▶ _Records_:
- Opening Delimiter -

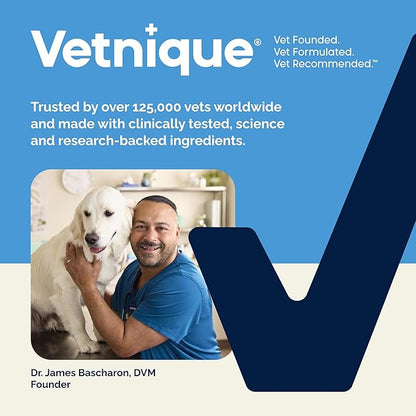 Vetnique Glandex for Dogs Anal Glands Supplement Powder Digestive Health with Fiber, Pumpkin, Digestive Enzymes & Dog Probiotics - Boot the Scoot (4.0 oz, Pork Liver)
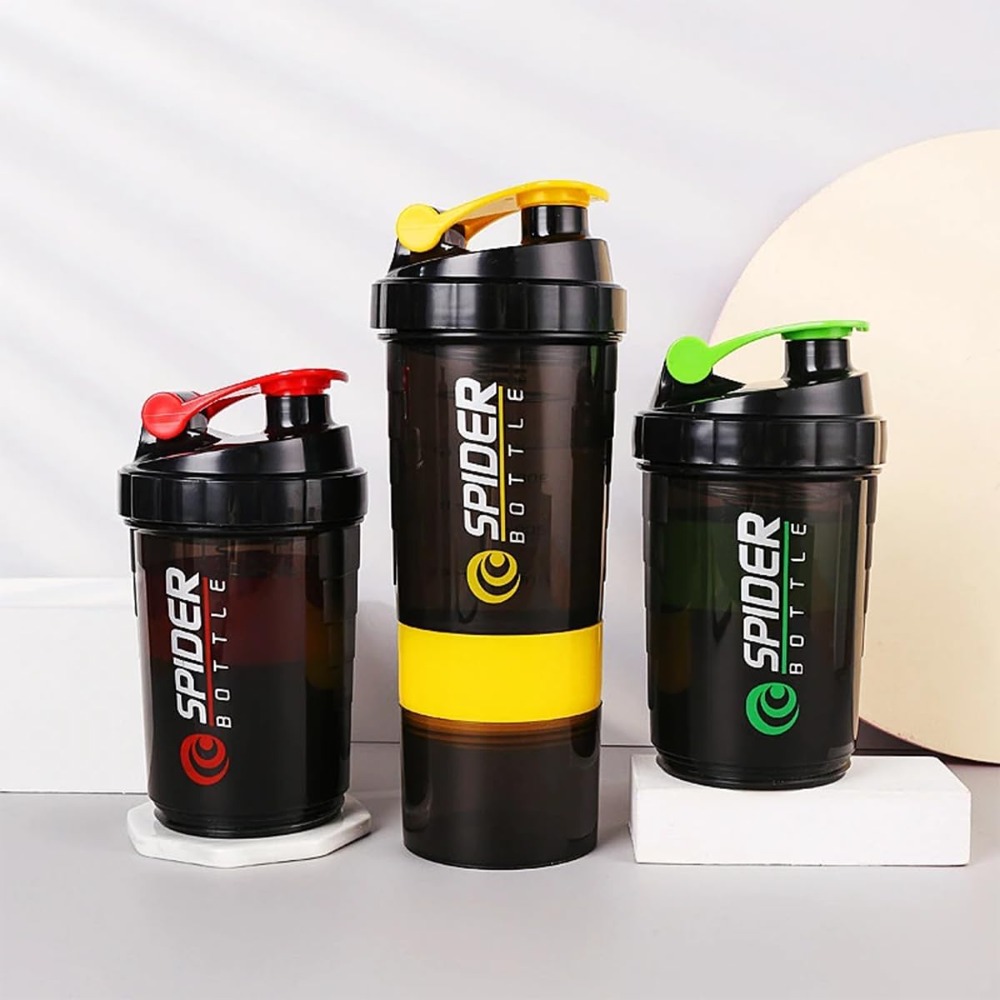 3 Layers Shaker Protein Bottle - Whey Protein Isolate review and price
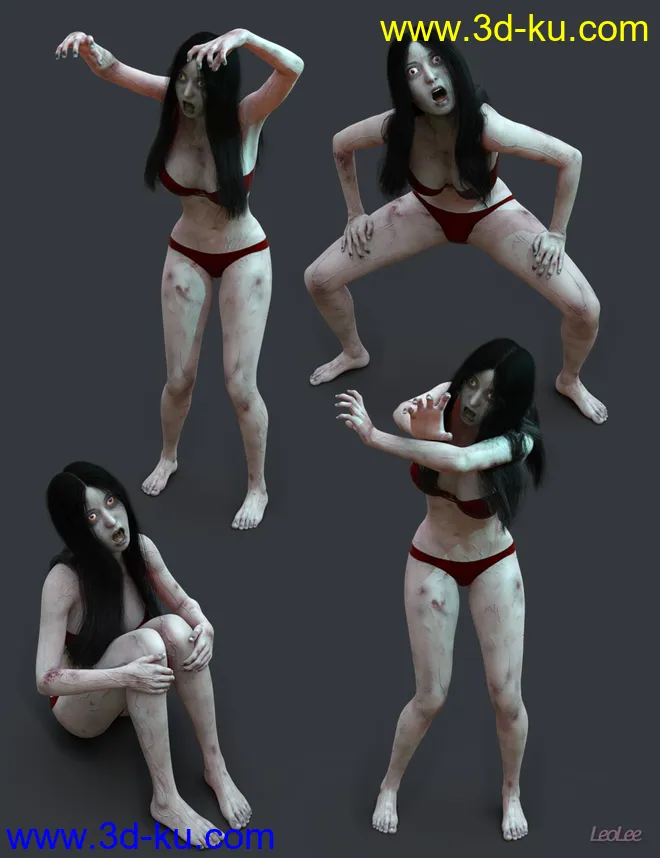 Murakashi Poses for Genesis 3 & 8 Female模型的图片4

- Closing Delimiter -
- Opening Delimiter -

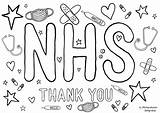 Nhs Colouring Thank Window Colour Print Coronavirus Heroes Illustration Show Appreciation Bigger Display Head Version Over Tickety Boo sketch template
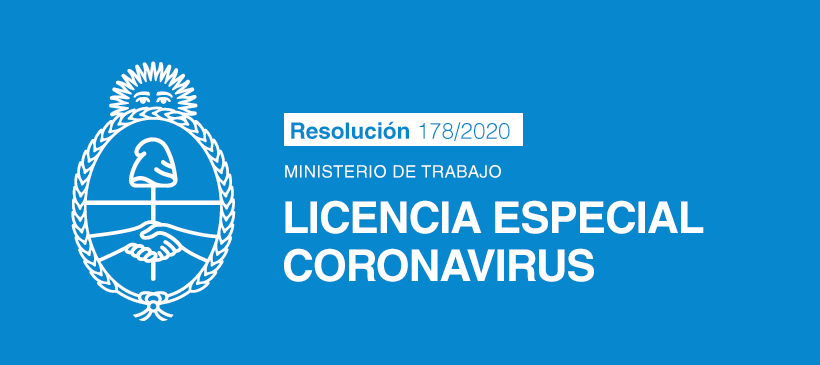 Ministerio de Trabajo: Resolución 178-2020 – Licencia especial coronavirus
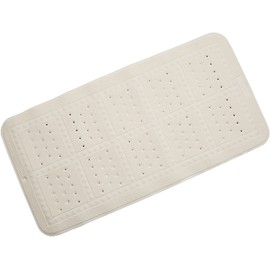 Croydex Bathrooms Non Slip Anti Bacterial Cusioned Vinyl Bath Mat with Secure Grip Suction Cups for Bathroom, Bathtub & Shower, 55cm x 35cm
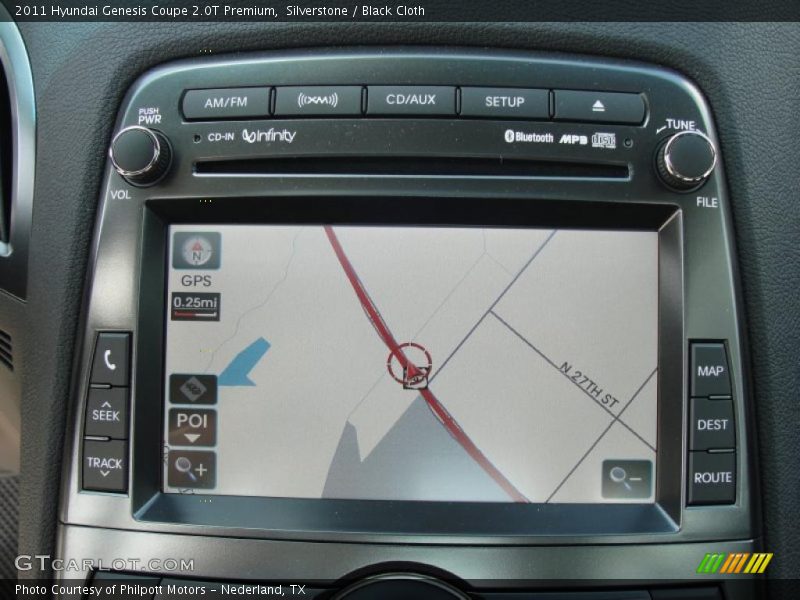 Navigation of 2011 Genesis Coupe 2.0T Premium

- Closing Delimiter -

Excluding any pictures, print exactly the lines of the listing above from the line with "Nhs Colouring Thank" to the line with "Navigation of 2011", both ends included.

 Nhs Colouring Thank Window Colour Print Coronavirus Heroes Illustration Show Appreciation Bigger Display Head Version Over Tickety Boo sketch template
 Ministerio de Trabajo: Resolución 178-2020 – Licencia especial coronavirus
 Croydex Bathrooms Non Slip Anti Bacterial Cusioned Vinyl Bath Mat with Secure Grip Suction Cups for Bathroom, Bathtub & Shower, 55cm x 35cm
 Navigation of 2011 Genesis Coupe 2.0T Premium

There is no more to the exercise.